Small print leads to big problems

Confusion over Luis Suarez’s exit clause might have played its part in last summer’s major saga, but the fine print in a deal can also deliver many benefits for players, clubs and managers.
When Spencer Prior signed for Cardiff in 2001, club chairman and banter enthusiast Sam Hammann insisted on a clause in the defender’s contract compelling him to enjoy “a physical liaison with a sheep and eat sheep’s testicles” during his Ninian Park stay.
Hamann generously waived the ovine relations requirement, but Prior grimaced through a plate of the delicacy, or so he thought.
Hammann told him afterwards it was chicken.
Liverpool didn’t always leave loose ends untied. When Stig Inge Bjornebye arrived at Anfield in 1992, any lingering ambitions to emulate his Olympian dad’s ski jump achievements were scuppered by a contractual ban on winter sports. Nowadays, clauses banning adventure sports are common.
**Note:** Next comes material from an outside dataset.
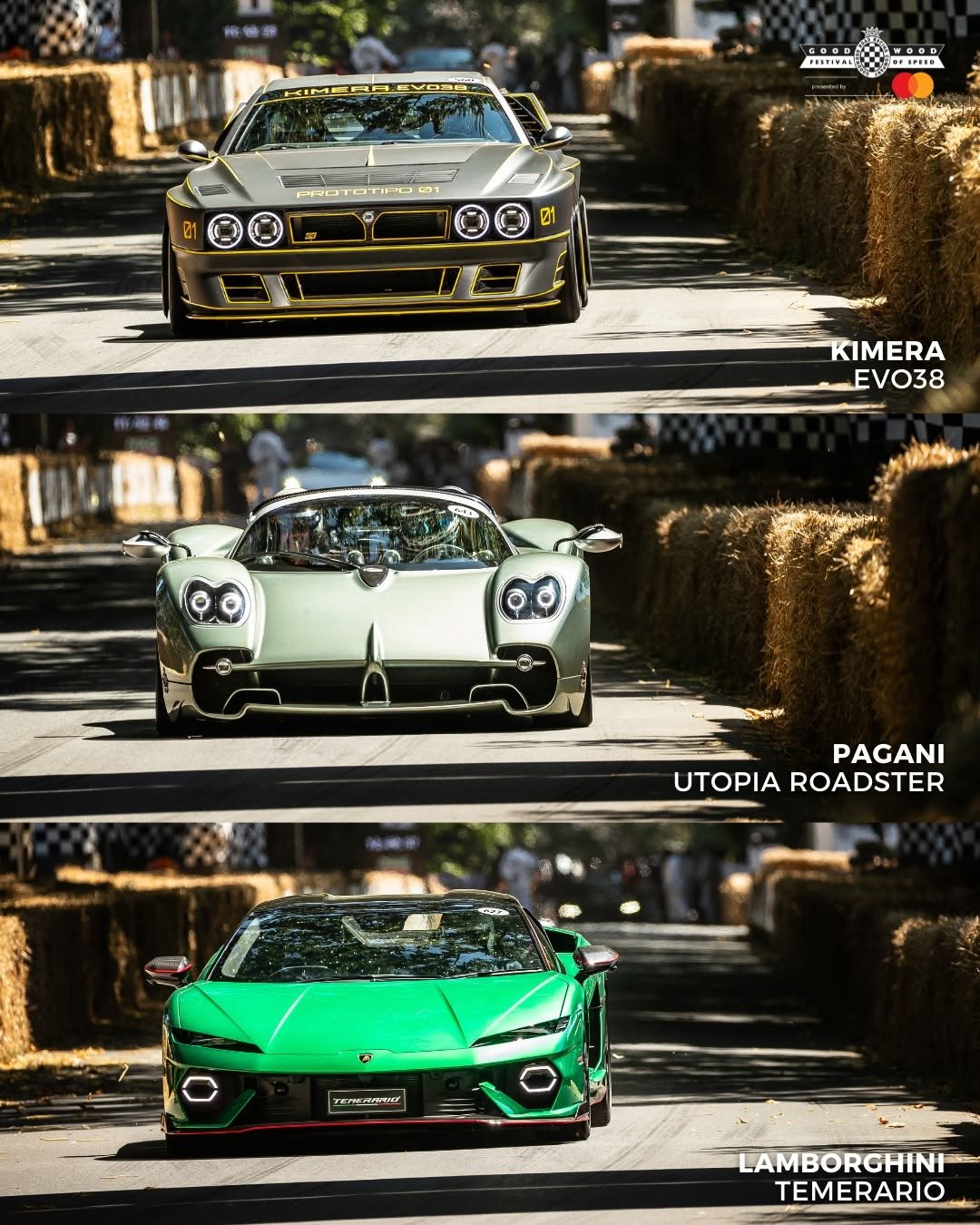 Photo shared by Goodwood Festival of Speed on January 07, 2026 tagging @lamborghini, @paganiautomobili, and @kimera_automobili. May be an image of ‎racing vehicles, wheel, race car, road and ‎text that says '‎PESFIMAL SPIED PRD NOTETIPO سل KIMERA EVO38 PAGANI UTOPIA UTOPIAROADSTER ROADSTER REMEONAE LAMBORGHINI TEMERARIO‎'‎‎.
But in 1999, far-sighted Sunderland added a clause precluding astronomy-fancying Swedish midfielder Stefan Schwarz from travelling into space while he was still wearing the candystripes.
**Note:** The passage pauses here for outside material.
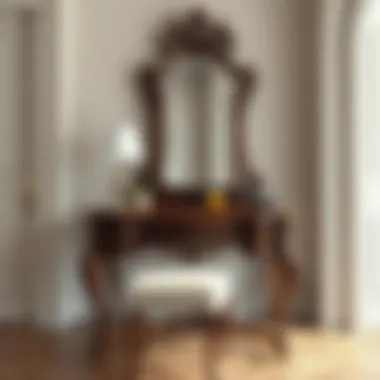 Elegant antique dressing table showcasing intricate carvings and a vintage mirror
Liverpool were also one of the first clubs off the mark with the now common buyback clause. But even in 1977, they were chancing their arm a little with the legals. When Kevin Keegan left for Hamburg, club secretary Peter Robinson did his best to secure first refusal on a return, but didn’t sound convinced. “I would not like to say whether this agreement is legally binding. It could possibly be considered a restraint of trade.”
If clubs are understandably anxious to protect themselves against players overdoing it off the field, there are also clauses to deal with the footballer who wears a beaten path between sofa and fridge. When Crystal Palace signed the well-padded Neil Ruddock, chairman Simon Jordan insisted on an automatic 10% penalty on Razor’s wages if he tipped the scales above a quite generous 220 pound allowance.
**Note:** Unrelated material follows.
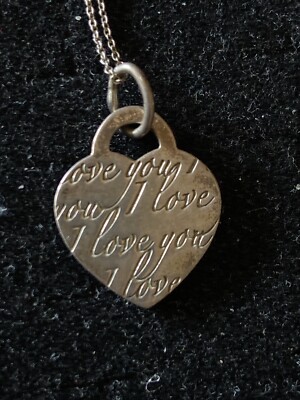 Tiffany Co Sterling Silver I Love You Medium Heart Charm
Some of the more hands-on Premier League chairmen of recent times might be interested in a more delicate form of control freakery. Creative contract crafter Sam Hamman is again the trailblazer in this area, this time during his Wimbledon days. When Bobby Gould took over as manager, his employment contract allegedly allowed Hamman to change Gould’s team selection up to 45 minutes before any match. Gould later claimed the clause was never activated.
A typical Premier League contract will nail down a range of relocation entitlements — particularly for an overseas arrival — such as hotel stays, rent allowances and free flights home. But legend has it that one of Paul Gascoigne’s contracts insisted that he be housed near a fishing lake, while unreconstructed Congolese midfielder Rolf-Christel Guie-Mien apparently hammered out a deal with Eintracht Frankfurt that his inconvenience be alleviated by free cooking lessons for his wife.
It is widely known that Dennis Bergkamp insisted on a clause in his Arsenal contracts specifying that he couldn’t be forced on board an aeroplane. Also sensing turbulence up ahead, German Bernd Stange insisted on two clauses when he took over as Iraq manager in 2002. The first excused him from any political comment in interviews or press conferences, quite a negotiating feat since he reported directly to Saddam Hussein’s son Uday. The second allowed him to leave the post if war broke out. “If war comes, my job is finished because all the soccer players will have to go to the army and many of them will die,” he said at the time. Stange left Baghdad before the US invasion a year later, but returned to guide the team to fourth at the 2004 Olympics.
It’s not all about wins and goals and assists, just how do you measure improvement? In cash, of course. When Charlie Adam left Blackpool for Liverpool, his manager, Ian Holloway, revealed his contract entitled him to a cut of the transfer fee of any player that he coached at the club.
But not everyone is driven by his bank balance. Variety-loving German striker Giuseppe Reina apparently reached an agreement that Arminia Bielefeld would build him a new house during each year of his three-year contract.